When is a statement “consistent”?

5.29The word “consistent” is not defined in the Act. As noted above, in Evidence: Code and Commentary the Law Commission stated that “‘[c]onsistent’ does not simply mean the lack of inconsistency: there must be something in the witness’s testimony with which the previous statement is consistent.”332  However, the authors of Cross on Evidence take a different view, stating that “consistent” should be interpreted to mean “not inconsistent”.333
5.30In Hart v R, Elias CJ noted the competing views and, while expressly noting that the matter did not need to be decided, tended to favour the Law Commission’s narrow approach, stating:334

… If the rationale for the rule of exclusion is unnecessary repetition, then the better view may well be that remedying an omission in evidence through admitting a previous statement does not engage the rule of exclusion in s 35(1).

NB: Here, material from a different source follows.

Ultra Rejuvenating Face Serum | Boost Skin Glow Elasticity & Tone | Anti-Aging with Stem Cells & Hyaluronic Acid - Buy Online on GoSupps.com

5.31 The Court of Appeal in Hitchinson v R subsequently noted:335

Section 35 was not intended to exclude relevant and probative evidence which is not repetitive, and which can be categorised as a previous consistent statement only in the sense that it is consistent with the general tenor of the witness’s evidence.

5.32As “consistent” has largely been interpreted how the Law Commission intended it should be, and we are not convinced that this position is wrong, our inclination is that this sub-issue in isolation does not require legislative amendment.

332Law Commission Evidence: Volume 2, above n 294, at 99.
333Donald Mathieson (ed) Cross on Evidence (online looseleaf ed, LexisNexis) at [EVA35.4].
334Hart v R, above n 309, at [10].
335Hitchinson v R [2010] NZCA 388 at [26].